Kitab di Masjid Palu Sulawesi Tengah

Kitab di Masjid Palu Sulawesi Tengah

Menurut kamus besar bahasa Indonesia, rela artinya bersedia dengan ikhlas hati, izin (persetujuan), perkenan, dapat diterima dengan senang hati, dan tidak mengharap imbalan, dengan kehendak atau kemauan sendiri. Sedangkan konsekuensi artinya akibat (dari suatu perbuatan, pendirian, dan sebagainya), ada sebuah Kontraktor Kubah Masjid dan persesuaian dengan yang dahulu.
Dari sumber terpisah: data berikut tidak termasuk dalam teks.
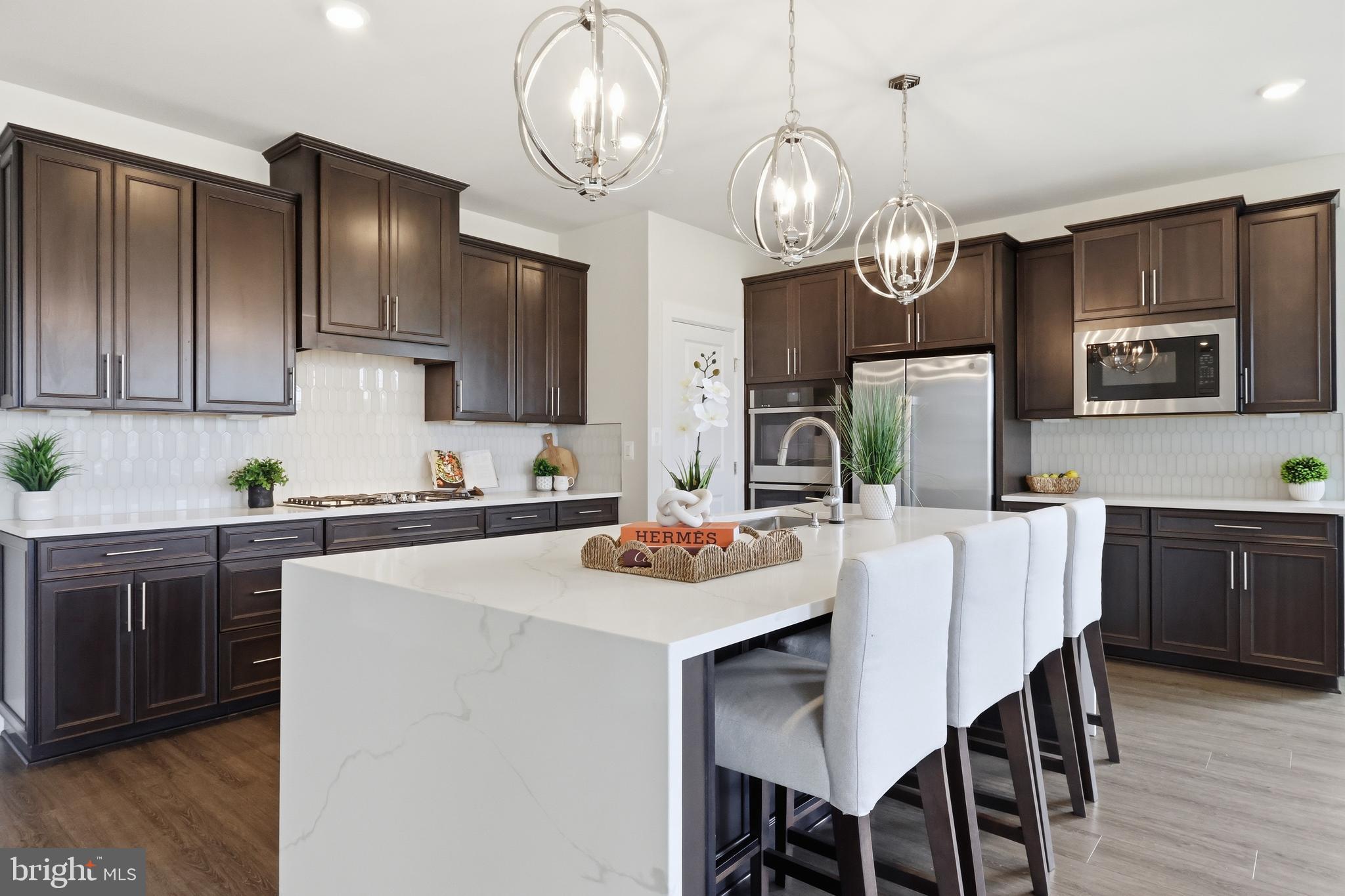 WELLINGTON FARMS - Residential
Cakupan kaidah Dalam tataran prektis, kajian kaidah ini dapat secara luas di terapkan dalam berbagai permasalah, diantaranya dapat kita lihat seperti.
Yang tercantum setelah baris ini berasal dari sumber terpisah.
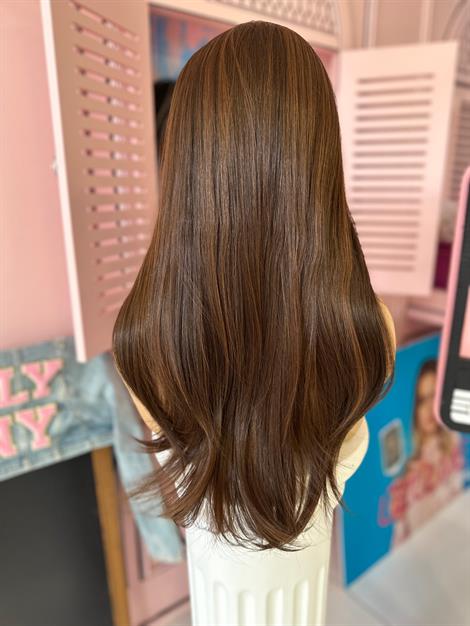 LOLLY PONY Katlı Kesim Düz Karamel Işıltılı 60 cm Kore Fiber Sentetik Ön Tül Peruk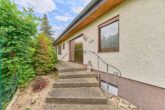 Bungalow in Feldrandlage: Ebenerdiger Wohnerlebnis mit Wintergarten und überdachter Terrasse - Eingang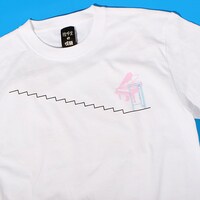 「地下室の喧騒」Tシャツのプリント（正面）。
Seorang calon suami yang rela akan ‘ayb yang diderita oleh calon istri, menurut satu pendapat (qawl shahih), tidak dibenarkan menceraikan istrinya, walaupun dikemudian hari ‘ayb yang dideritanya semakin parah. Sebab, apa yang menimpa istrinya sudah diterima dengan lapang dada sejak semula. Dan berlaku sebaliknya, dengan catatan ‘ayb sudah direlakan saat pertama kali mereka mengikat tali pernikahan. Suatu hal yang di alami seorang gadis bernama farida, kiranya bisa dijadikan contoh ringan. Suatu hari ada di dalam Kontraktor Kubah Masjid, gadis ini meminjam sepeda untuk dipakai jalan-jalan. Ketika sedang asyik berkendara, tiba-tiba ban sepeda itu bocor. Dalam kasus ini, farida tidak wajib bertanggungjawab atas kerusakan ban selama pemakaian sepeda itu dilakukan secara wajar (tidak ceroboh dan diluar batas) dan sesuai dengan ketentuan izin pemilik.
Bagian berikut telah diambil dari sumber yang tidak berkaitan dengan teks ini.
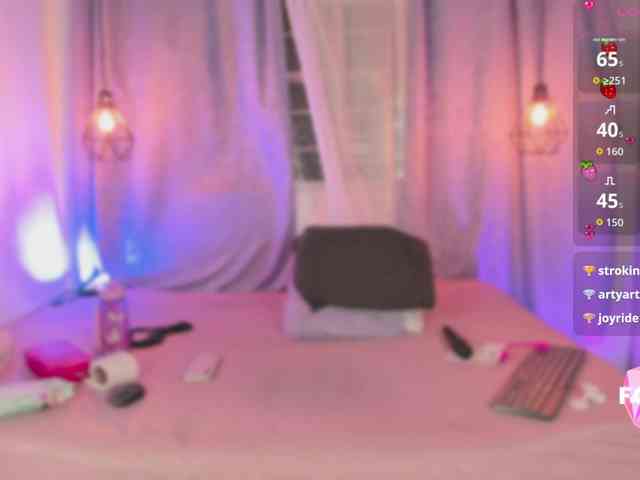 Wild-lilhy webcam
Sebab, pemilik sepeda ketika memberi izin (rela) sepdanya dipakai, berarti ia juga rela sepeda itu digunakan sesuai batas kewajaran. Artinya, pernyataan “boleh dipinjam” sama saja dengan ungkapan rela pada dampak yang akan ditimbulkan. Oleh sebab itu, pemilik sepeda tidak dapat memaksa peminjam untuk menggantinya. Ketika semuanya berubah tetap berdiri Kontraktor Kubah Masjid Lain halnya bila dalam pemakaian tersebut terdapat unsure kecerobohan, seperti satu sepeda dinaiki tiga orang. Padahal daya muat sepeda dimaksut hanya untuk satu atau dua orang saja. Dalam hal ini, segala kerusakan yang diakibatkan pemakaian tersebut menjadi tanggungjawab pemaiakanya. Sebab, pada dasarnya, ketika pemilik sepeda memberikan izin, maka izin itu berlaku untuk pemakaian yang wajar. Dengan demikian, kerusakan dalam kasus di atas adalah akibat dari pemakaian yang tidak wajar sehingga harus ditanggung pihak pemakai. Diantara larangan yang harus dihindari ketika melakukan ihram; haji maupun umrah, adalah memakai segala jenis wangi-wangian dalam segala bentuknya. Namun pemakaian minyak wangi sesaat sebelum ihram tidaklah dilarang, meskipun waktunya terpaut jauh.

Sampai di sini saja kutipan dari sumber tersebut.